En 2010, El Año de Ricardo (L'Année de Richard) et La Casa de la fuerza (La Maison de la force) avaient créé l'événement au Festival d'Avignon et fait découvrir au public français le travail de la performeuse, auteur et metteur en scène espagnole Angélica Liddell. Alors que L'Année de Richard était donné au Rond-point en janvier, l'Odéon accueille jusqu'au 28 mars une Maison de la force qui ne laissera personne indifférent.
Sourde douleur
La Casa de la fuerza fait partie de ces spectacles dont on ne sait pas à quoi s'attendre avant de les avoir vus, et dont on se souvient longtemps après.
J'avais peu entendu parler d'Angélica Liddell avant hier soir, et ce fut une chance. Car cela m'a permis de plonger dans La Casa de la fuerza avec la naïveté et l'émerveillement qui sont souvent l'apanage des novices. Mêlant scènes dialoguées, chants, vidéo et scènes de pure contemplation, La Casa de la fuerza est d'abord une pièce de la douleur féminine, personnelle et universelle, racontée par les victimes d'un monde de violence machiste. « Quand je parle de ma douleur, affirme Angélica Liddell, je la relie à une douleur collective. »
Sur scène, autour d'une table perdue dans la pénombre et la fumée des cigarettes, trois femmes, dont Angélica Liddell elle-même, enchaînent les bières. Elles évoquent les hommes, ceux qu'elles ont passionnément aimés et qui sont devenus les pauvres types qui flanquent des raclées, la solitude, le sexe qui comble le manque d'amour. Au son d'un orchestre de mariachis venus tout droit du Mexique, elles expient dans la danse et l'alcool une peine devenue insupportable.
Pénitence expiatoire
La pénitence se poursuit dans la deuxième partie de la pièce, la plus intense, où la rage, la colère, la souffrance habitent littéralement Angélica Liddell. La performeuse et ses acolytes alternent alors course folle sur fond de musique pop, scarifications, séances d'haltères et dégustation de tiramisu (qui, comme on nous l'explique, signifie « Remonte-moi »).
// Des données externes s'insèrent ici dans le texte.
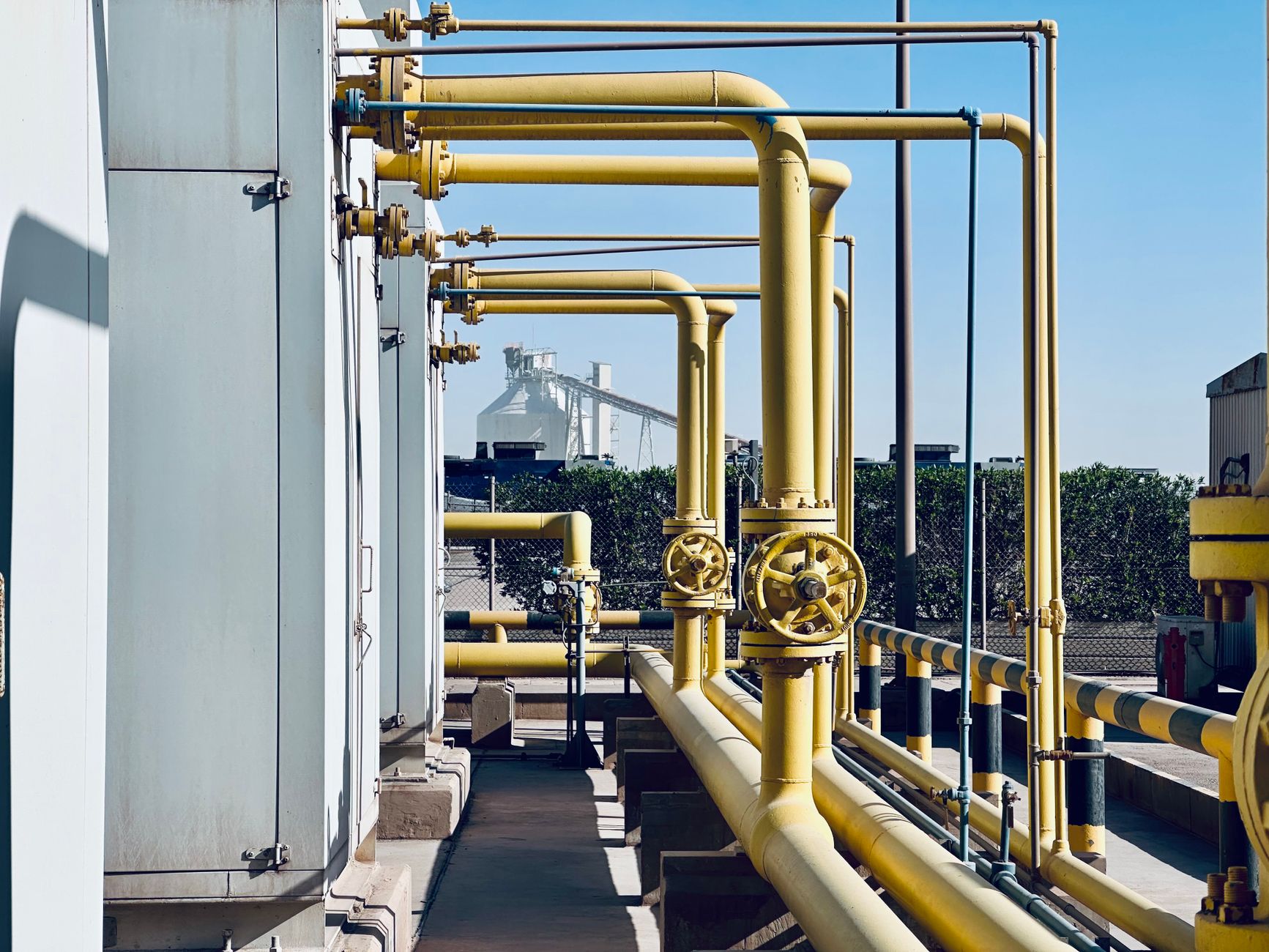 Pipeline Stock Face-Off: Enbridge or Oneok for 2026 Outlook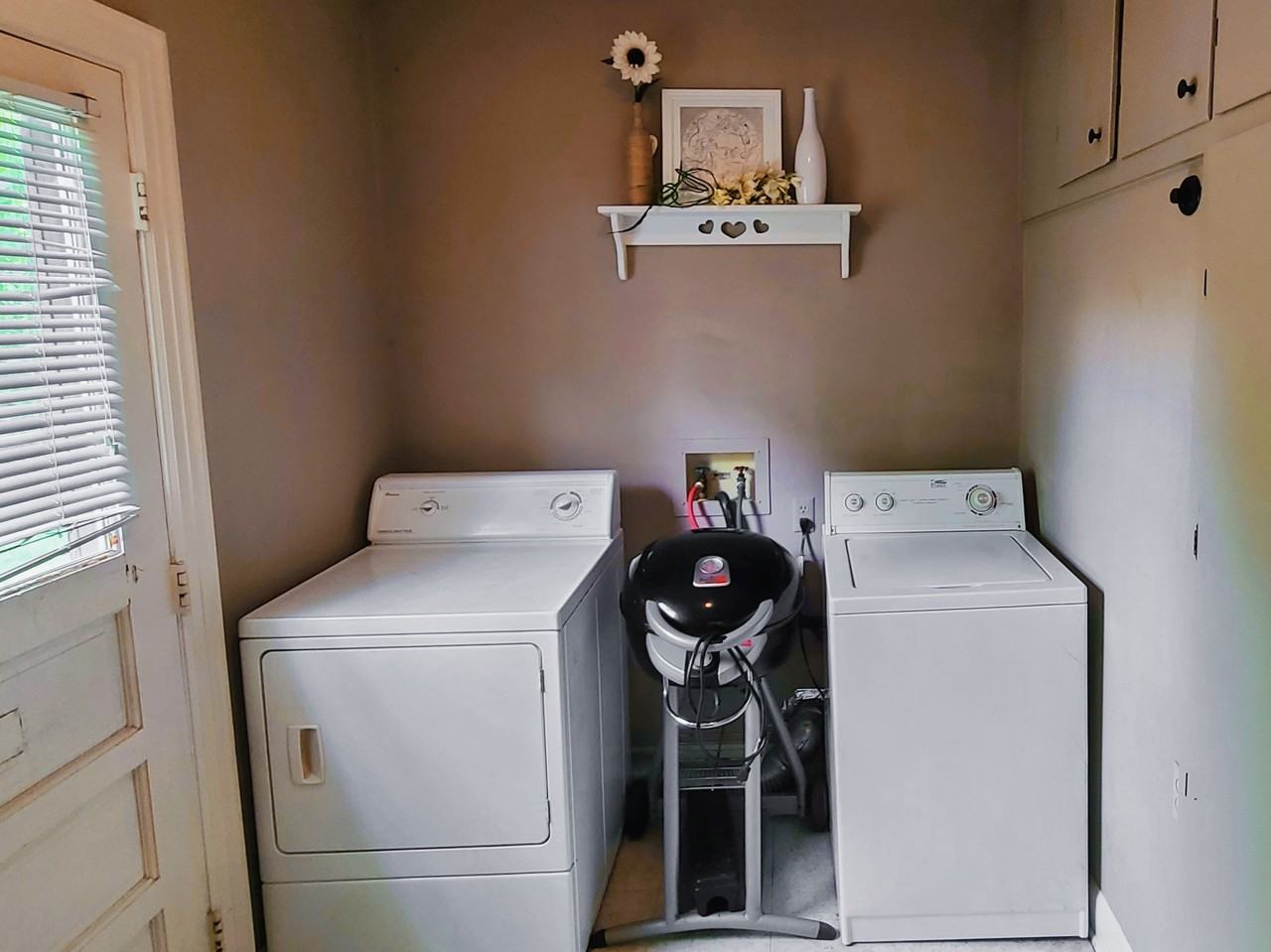 524 Henry Clay Blvd - Photo 2 of 9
L'omniprésence du 'Cum dederit' de Vivaldi, interprété par le violoncelliste Pau, confère à l'ensemble tristesse et beauté époustouflantes. Ce deuxième tableau se conclut par une nouvelle épreuve de force, où l'abandon à la douleur physique, qui détourne de trop douloureuses pensées, est total.
Après avoir déplacé à trois une dizaine de canapés, les trois actrices, dans une quasi-obscurité, vident des sacs entiers de charbon sur scène, avant de déplacer le tout, pelletée par pelletée. Cette métaphore du travail à la fois aliénant et salvateur parce qu'il permet aussi de s'oublier, s'achève sur une scène des Trois sœ,urs de Tchékhov, où l'espoir d'un départ prochain est ruiné par une réalité castratrice.
Chemin de croix
Dans la troisième partie, celle de l'apaisement, les cris et la frénésie ont laissé place à la parole du témoignage et au recueillement. Des croix rouges de différentes tailles occupent la scène. Sur la gauche, un pick-up est littéralement rempli de gerbes de fleurs.
Trois autres femmes font leur apparition. Elles sont là pour réconforter, calmer, raconter. Originaires de l'Etat de Chihuaha au Mexique, elles viennent témoigner de l'horreur des enlèvements et des tortures faites aux femmes dans la ville de Ciudad Juarez. On touche là à l'épicentre du spectacle, mais aussi à l'espoir d'une rédemption.
Les figurines modelées dans la terre cuite qui encerclent le « Monsieur Muscle » du dernier acte laissent entendre qu'une renaissance est possible.
Pièce d'une densité rare, La Casa de la fuerza, malgré quelques longueurs et lubies propres au théâtre contemporain, est un choc esthétique d'une puissance incroyable. Tout y est vrai : le sang versé, les fleurs coupées, la douleur, physique et morale. Un spectacle total et bouleversant.